4-9 狐の巫女と金眼の猫
「追跡班の話だとたまたま久遠の両親が出かけるのを見て、住居を突き止めるために後を追ったっていうのよ」
「すでに居場所を突き止めていたって話と矛盾しませんか?」
「そうなの」
ルリは落ち着かない様子で髪をいじる。
「それに後部座席に久遠が乗っていたかどうかの確認もしていなかったみたいなの。それって問題でしょう」
「もしかしたら久遠様が死んでいた可能性があるってことですか」
薫子の固い口調にルリは頷いた。
「久遠を保護するために探していたのに、久遠が乗っている可能性がある車を事故を起こすほど追い立てるっておかしいでしょ。久遠のご両親が亡くなった後の対応も迅速すぎる。すぐに久遠を家に迎えに行って手配していたホテルに連れて行って、葬式も火葬も次の日には行ってる。追跡班にとっては知らない土地であるにも関わらずね」
「葬式や火葬の件、こちらに連絡はあったんですか」
四郎の言葉にルリは両手を広げて肩をすくめた。つまり無かったということだ。
「気づいたら全部終わってたわ。久遠が元々いた家も引き払われてて、家具を売り払う時間はなかったみたいで倉庫にまとめて保管されてたけど、それもこっちで止めなければ処分されてたかも」
「証拠隠滅ですか?」
リリアの言葉にルリは神妙な顔をした。
「そうとれるわよね……。
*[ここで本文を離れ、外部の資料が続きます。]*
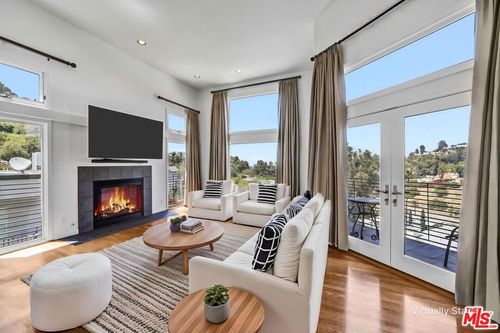 6852 Woody Trl, Los Angeles, CA, 90068 | Card Image
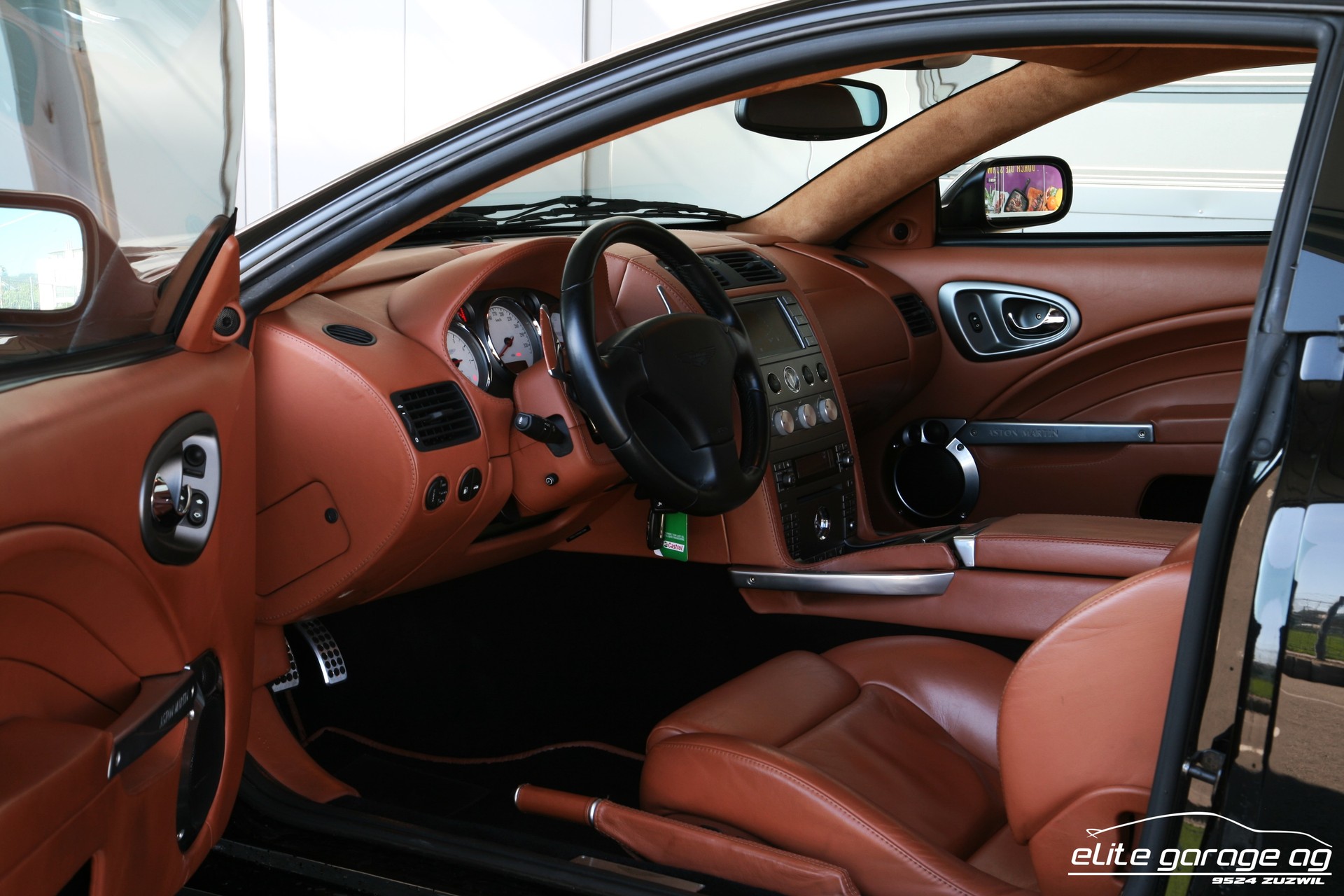 ASTON MARTIN Vanquish V12 S 5.9-48-image-13
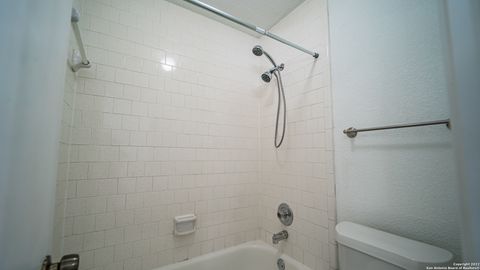 Tiny photo for 9410 WOODLAND HILLS, San Antonio, TX 78250 (MLS # 1862902)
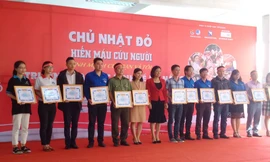 Sôi động Chủ nhật Đỏ tại thành phố biển Đà Nẵng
なんでこちらに報告しなかったのかっていっても主張が支離滅裂だったって聞くし、こうなると崖下に落ちた時にはすでに亡くなってたっていうのもどこまで本当か……」
「追跡に当たった人たちに話を聞くことはできないんですか?」
すでに大人が締め上げているだろうが、直接話を聞いてみないと分からないことも多い。追跡班は追人で構成されている。現役の筆頭犬狩であるルリに対しては本当のことを話す可能性もある。
そう思っての問いだったがルリは首を左右に振った。
「全員自殺したわ。久遠のご両親を死に追いやった責任を取りますって」
息をのむ。急に店内にながれる音楽が大きく聞こえた。周囲から聞こえてくるのは楽しげな女性の声。先ほどまでと場所は変わっていないはずなのに、周囲と大きな隔たりが出来たような気がする。
「……不自然ですね。全員、同じ日にですか?」
不安と怯えを見せていた美姫の表情が険しくなる。不安そうな表情が消え失せた美姫は黄色の異形の瞳も併せて独特の迫力があった。それを真っ向から受け止めたルリはひるむことなく頷く。
「美姫も怪しいと思う?」
「その方々を見ていないので確定は出来ませんが、支離滅裂な言動、同じ日に複数人が自殺と考えると何者かに洗脳などの術をかけた可能性があります」
蛇縫の筆頭らしい冷静な指摘にルリは「やっぱり」とつぶやいた。ルリも薄々その可能性を感じていたらしい。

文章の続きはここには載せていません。